Goals Concerning MTCpp

Across all interviews, the main goal was to discuss and establish the best recommendation in accordance with clinical guidelines in a multidisciplinary manner. With regard to MTCpp, potential goal conflicts can be described. MTCs without patients are an important instrument to establish the guideline-based recommendation as the “best decision” in the view of the medical specialists and can be seen as a tool for advanced education in teaching hospitals. Some providers experienced MTCs with patient participation to have a different character: MTCs with patients are seen as a place to ask for information that is not always important for decision-making or treatment. Other providers reported that patient participation leads to decisions that are more congruent with the patients’ goals because the jointly defined treatment goal incorporates patient preferences. In the first case, MTCpp was regarded as possibly conflicting with the providers’ goal, and in the second case, as supporting the providers’ goal.

Discussion

The aim of the study was to analyze the providers’ expected or experienced feasibility of patient participation in MTCs at breast and gynecological cancer centers in order to explain why MTCpp differs between cancer centers.
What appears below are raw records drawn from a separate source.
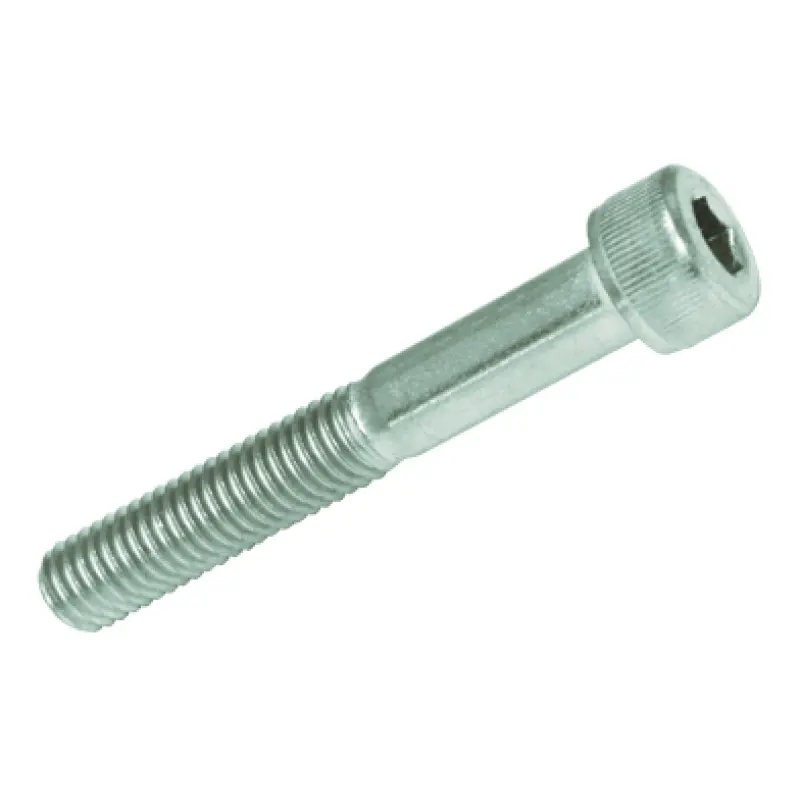 Pf.C.Cil. Sxt.Int. DIN912/ISO4762 8.8 Zn Iris M6x35 Pf.C.Cil. Sxt.Int. DIN912/ISO4762 8.8 Zn Iris M6x35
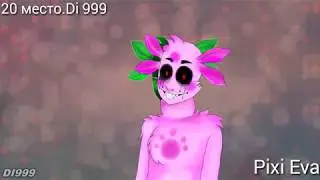 Top 20 Russian animators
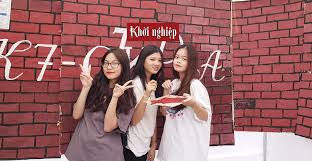 Các yếu tố ảnh hưởng tới quyết định khởi nghiệp của nữ sinh viên: Trường hợp sinh viên Trường Đại học Công nghiệp Hà Nội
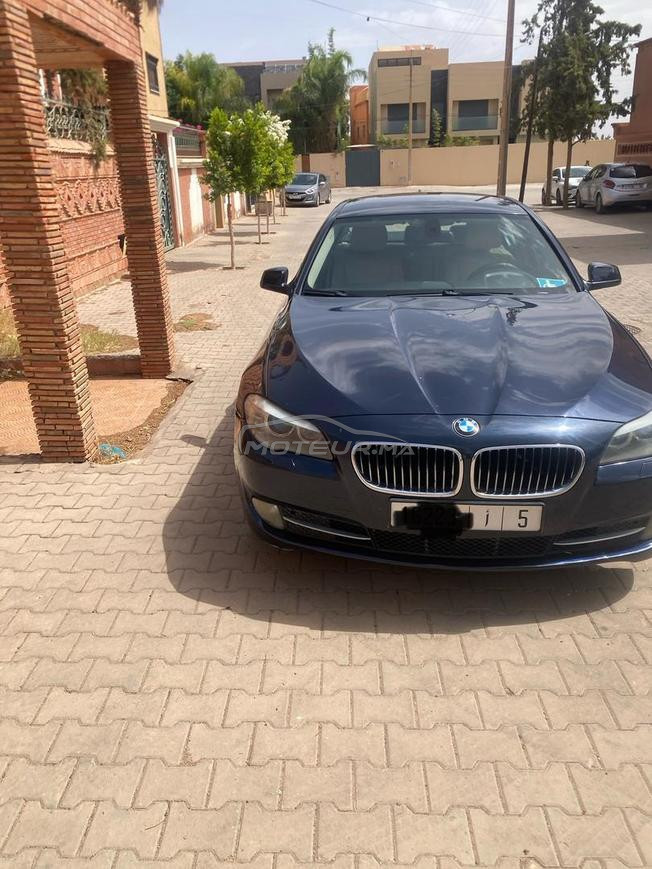 bmw série 5
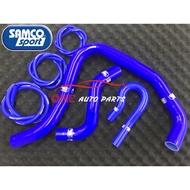 Samco Sport Honda Accord SM4 / SV4/ H22 / H22A VTEC Radiator Hose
Inductive coding revealed feasibility aspects in the form of opportunities and barriers expressed by providers without MTCpp experience as well as positive and negative experiences from providers experienced with MTCpp. Deductive coding added important themes of the feasibility of MTCpp. These findings suggest that providers’ experienced external factors, attitudes and goals can hinder or foster MTCpp. In the following sections, specific aspects of these results are discussed in detail.

Feasibility of MTC Patient Participation

MTCpp seems not to be feasible in routine cancer care following the providers’ anticipated barriers and negative experiences. However, MTCpp seems to be feasible for selected cancer patients following the providers’ perceived opportunities and positive experiences. Our results confirm previous findings from international research concerning providers’ views on MTCpp.^34–37,51 Butow et al 2007 reported providers mentioning potential patient anxiety during and after the MTC as well as a conflict between medical and lay language.³⁵ We can expand Butow’s findings concerning the management of patient involvement by describing variations of MTCpp: Patients may enter the MTC after the medical discussion, a smaller MTC setting may be implemented, and patients may be supported by a breast care nurse before, during and after the meeting. Support by a breast care nurse seemed to be an important aspect that was also described by O´Brien et al⁵¹ Whereas providers and patients shared some views of a good MTCpp, physicians “may underestimate the importance [for patients] of feeling comfortable” during the MTC. Our findings from providers experienced with MTCpp show that significant changes in organization and setting are made if patients take part during the discussion of their own case. Furthermore, communication skills to address patients’ emotional reactions were seen as highly important by providers experienced with MTCpp which we analyzed more detailed in a different publication on MTCpp.⁵² Van Dongen et al and Choy et al recommend adequate support and preparation for the meeting, eg paying attention to patients’ willingness and ability to participate, which were also mentioned by providers in this present study. In addition, it seems important for all necessary information to be shared with patients before the MTC.^34,37 The main remaining barrier is increased time requirements, which might be surprising since in Germany, only 5–10% of patients actually participate in an MTC. Concerning decision-making, no hard facts can be presented with this data, but providers reported that MTCpp leads to earlier consideration of patient preferences in the treatment process, potentially leading to more patient-oriented treatment decisions.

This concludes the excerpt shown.